‘Hell,’ said Jean-Paul Sartre, the famous French philosophe – who, it’s less well known, opened the bowling for Middlesex in the 1920s at a brisk fast-medium, also contributing useful runs in the late middle order – ‘is other people.’ Well, he actually said ‘L’enfers, c’est les autres,’ which I often paraphrase in family friendly areas to ‘L’enfers, c’est les enfants de les autres,’ (1) but that’s another story.
Regular readers of this blog will know that we’re fans of independent travel, often, but not exclusively so, in Spain. Not that we’re alone in that, of course. We’re all our own travel agent these days, aren’t we, just in the same way that we organise our own insurance and
banking and restaurant reservations. Our lives are measured out in comparison websites, as TS Eliot nearly said.
However, for our first bucket list trip, South Africa, we did an old-fashioned thing and went to an actual high street (well, shopping mall) travel agent and booked an organised tour with Newmarket Holidays (if you’re looking for a detailed review of Newmarket, here isn’t the place, but they were pretty good).
Which takes us back to Jean-Paul and Hell being other people (2) (best bowling, incidentally, 7-37 on a helpful track at Trent Bridge in June 1929 … ok, I’ll stop now(3)). How would we cope with being cooped up with a busful of strangers for 10 days?
Here’s the thing. I like to think I can talk to anyone, regardless of race, creed, colour, class, political affiliation or taste in music. There is usually something to relate to in most other people.
But. We’re independent kind of folks. The herding instinct is not strong in us. We like to do
our Own Thing, whatever that might be in given circs. We don’t like being told what to do, although I’m guessing that’s not so uncommon.
In that context, we’ve never really fancied a cruise or an organised tour, and being stuck in a group of people in close proximity, however acogedor they might be.
Reader, we had a blast. Briefly, the tour consisted of:
Whale watching, which exceeded all expectations – the huge Southern Rights were right up alongside, and even on occasion under, the boat on a beautiful, clear morning in the bay where they came to calve;
Game Drives: two nights in a luxurious lodge, and two days of being driven all over the countryside by a Clyde-built ranger whose opening gambit was that she didn’t like people. She was, however, very good at finding cheetah (fresh from a kill) lions (very sleepy) a couple of combative buffalo (with each other, fortunately) a grumpy male rhino (Mrs Rhino was having none of anything) and
elephants having a good laugh in a bath;
Ostrich farm: not my favourite stop, but they tasted not bad with a glass of pinotage;
Caves like you’ve never seen – or heard – before;
Lunch at the side of a beautiful lagoon;
Two days of wine tasting, and a one night stay in Stellenbosch;
Three nights in Cape Town, including Table Mountain, Botanic Gardens, and more (see below).
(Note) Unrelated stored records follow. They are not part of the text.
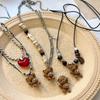 Funny Cartoon Ring Set Cute Flocked Bear Necklace Versatile Bear Pendant Necklace  Girls Jewelry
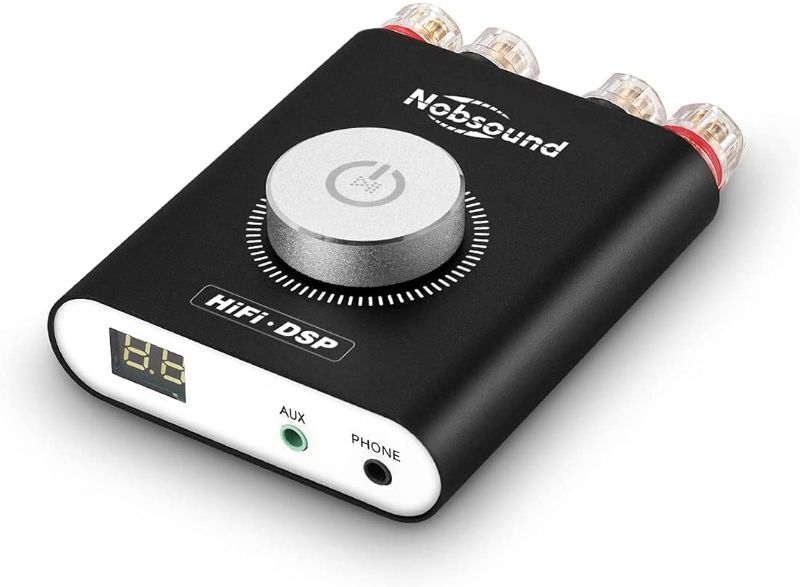 Photo 1 of Nobsound NS-20G 200W Mini Bluetooth 5.0 Power Amplifier 2.0 Channel Wireless Receiver Hi-Fi DSP Stereo Headphone Audio Amp LED Display (Black)
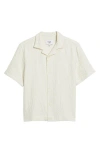Wax London Lido Boxy Dobby Camp Shirt In Ecru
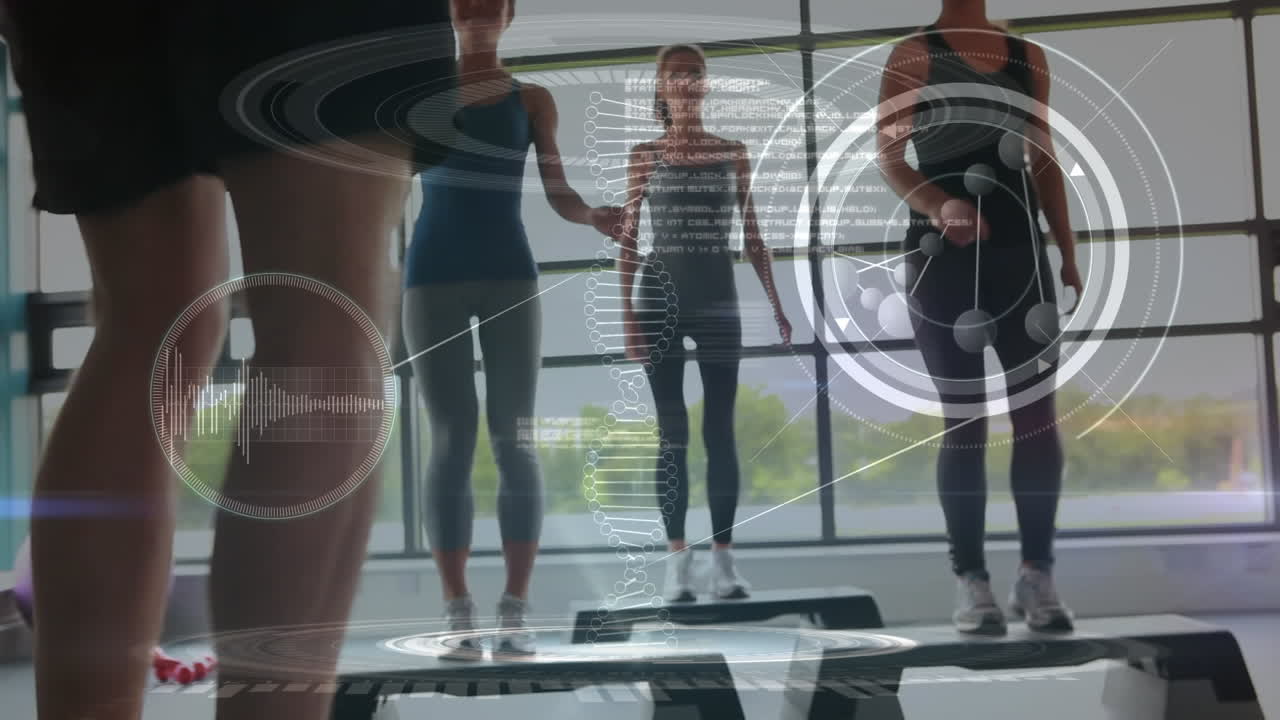 남성 강사 와 함께 에어로빅 을 하는 여자 들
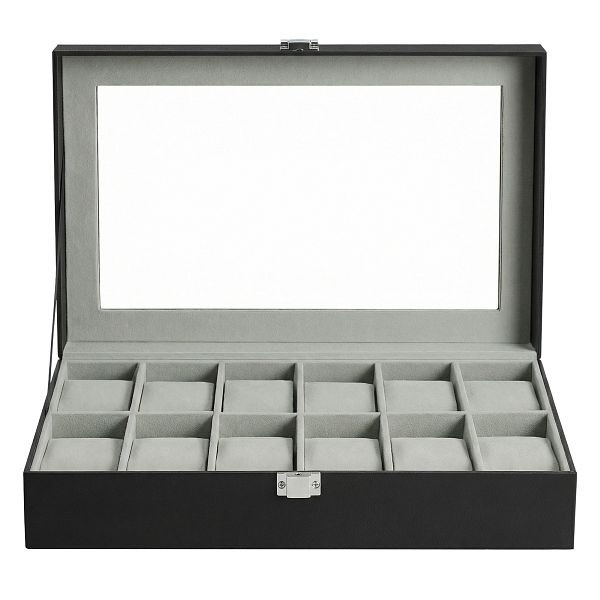 SONGMICS Uhrenbox mit 12 Schlitzen, mit Glasdeckel, mit abnehmbaren Uhrenkissen, Metallverschluss, synthetisches Leder, graues Futter, JWB12BK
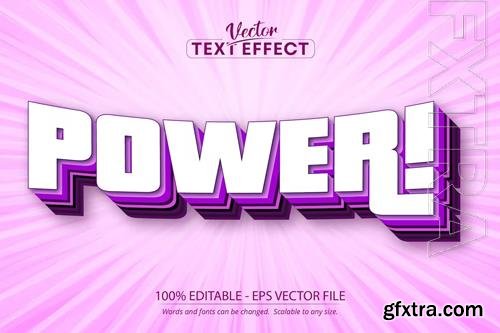 Power - editable text effect, cartoon font style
It’s exhausting just listing it – we packed a whole lot in, and it’s a mark of how great it was that pretty much everywhere we went we wished we were staying longer.
On the last full day in Cape Town, we took the ferry out to Robben Island, where the
authorities held Nelson Mandela for most of his 27 years in prison as a political prisoner. Our guide for the prison itself was an ex-political prisoner himself, one of the last wave of them sent to the Island in the mid 80s. He was probably about the same age as me, but while I’d been living it up as a law student, he had been doing hard time in one of the worst places on Earth to be if you were a black political
activist.
He was at pains to point out that, by the time he arrived, things had improved a bit, to the extent they weren’t sleeping on a cobbled floor with only a thin rush mat and a single blanket, with no glass in the windows, as Mandela and his comrades had done. They had the relative comfort of two showers a week, bunk beds and two changes of clothes.
It was still a brutal existence. Although some of the prison guards were kind, and actually risked their jobs by doing things for the prisoners they weren’t meant to, others were vicious racist thugs. And irrespective of the individual guards, the institutional racism was deeply ingrained: some so-called scientists had decided that native African prisoners needed less food than the Cape Coloured or Malay inmates: see the weekly diet he’s holding in the picture. Most sinister of all was the ingredient listed for lunch, puzamandla, a Bantu energy drink which, according to some, the authorities used to slip in chemicals to make the African prisoners infertile.
The prisoners refused to be drawn into this divide and conquer move. They shared out the food equally, irrespective of race.
Our guide also said that the improvements in prison conditions only happened because of pressure from outside
organisations, like Amnesty International. It made me even more determined to get involved in their work going forward: Robben Island may be long closed, but similar abuses go on round the world.
It was a sombre, but moving, end to our trip to a country that’s still not without its problems – corruption, unemployment, crime rates – but that, at the same time, is a beautiful place to visit.
And the organised tour, and co-existing with 23 other individuals on a bus for 10 days? After that trip to Robben Island, where 60 souls shared a single cell and two showers, putting up with some of our lot whining about the lack of aircon didn’t seem such a stretch.
Plus South Africa beat England in the semis, so that worked out well.
(1) See also, in dog-friendly cafes, ‘L’enfers, c’est les chiens de les autres.’
(2) More of a zinger than some of his others: see, for example, ‘Every existing thing is born without reason, prolongs itself out of weakness, and dies by chance.’
(3) This is all nonsense of course. It was Somerset he played for.







An organized trip that far surpassed your expectations! Might you go on another organized trip one day?
Definitely, Neil. It’s the way too see some countries for sure. Next stop Malaga however!